Instructions for the task: Reproduce precisely the lines of the listing below, starting with the line that contains "Vince Gilian Square Toe" and stopping after the line that contains "Standard Room with"; include nothing else.
━━━━━ Supplied information
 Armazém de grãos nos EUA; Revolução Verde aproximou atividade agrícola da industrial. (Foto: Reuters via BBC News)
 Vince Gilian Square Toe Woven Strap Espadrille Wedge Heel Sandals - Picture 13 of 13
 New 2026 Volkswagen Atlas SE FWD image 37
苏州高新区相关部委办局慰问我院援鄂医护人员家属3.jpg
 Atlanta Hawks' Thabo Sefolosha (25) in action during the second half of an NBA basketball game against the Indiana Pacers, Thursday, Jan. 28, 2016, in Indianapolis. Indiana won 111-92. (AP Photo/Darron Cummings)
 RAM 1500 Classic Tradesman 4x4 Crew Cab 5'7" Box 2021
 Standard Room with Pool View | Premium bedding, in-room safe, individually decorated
━━━━━━━━━━
━━━━━ Supplied information
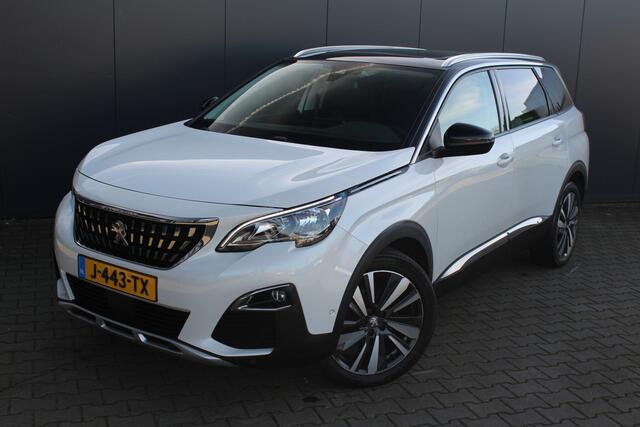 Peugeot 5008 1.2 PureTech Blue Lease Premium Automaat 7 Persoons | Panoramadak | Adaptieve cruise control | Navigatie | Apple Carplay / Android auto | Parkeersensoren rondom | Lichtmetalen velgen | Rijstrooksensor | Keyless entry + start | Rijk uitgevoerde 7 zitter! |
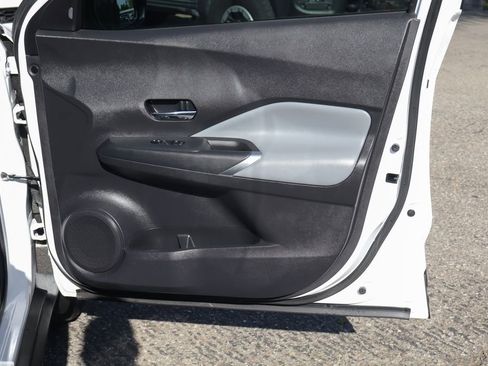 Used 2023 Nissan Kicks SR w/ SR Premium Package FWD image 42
━━━━━━━━━━
━━━━━ Supplied information
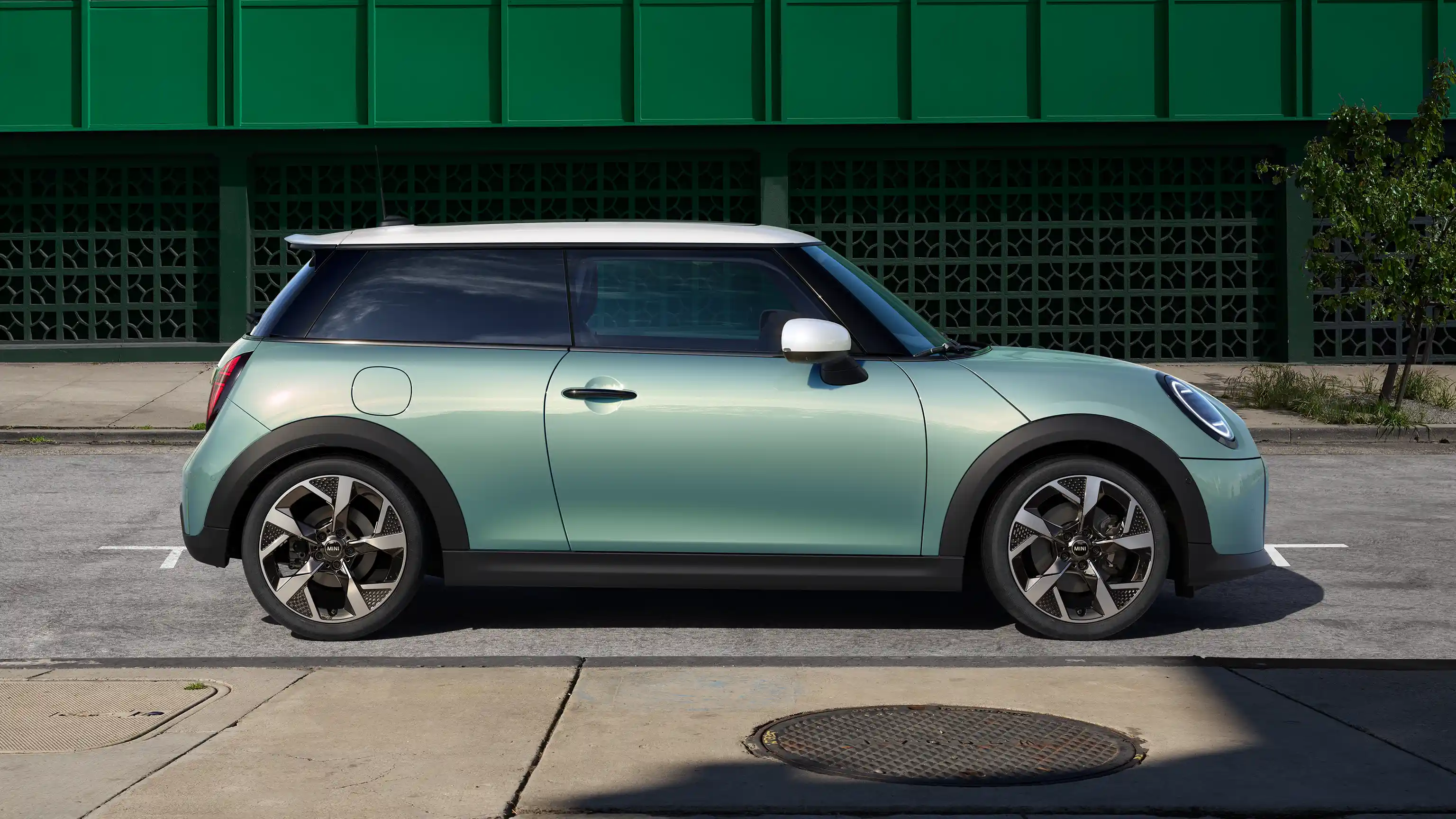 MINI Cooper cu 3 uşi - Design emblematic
━━━━━━━━━━
Task result:
 Vince Gilian Square Toe Woven Strap Espadrille Wedge Heel Sandals - Picture 13 of 13
 New 2026 Volkswagen Atlas SE FWD image 37
苏州高新区相关部委办局慰问我院援鄂医护人员家属3.jpg
 Atlanta Hawks' Thabo Sefolosha (25) in action during the second half of an NBA basketball game against the Indiana Pacers, Thursday, Jan. 28, 2016, in Indianapolis. Indiana won 111-92. (AP Photo/Darron Cummings)
 RAM 1500 Classic Tradesman 4x4 Crew Cab 5'7" Box 2021
 Standard Room with Pool View | Premium bedding, in-room safe, individually decorated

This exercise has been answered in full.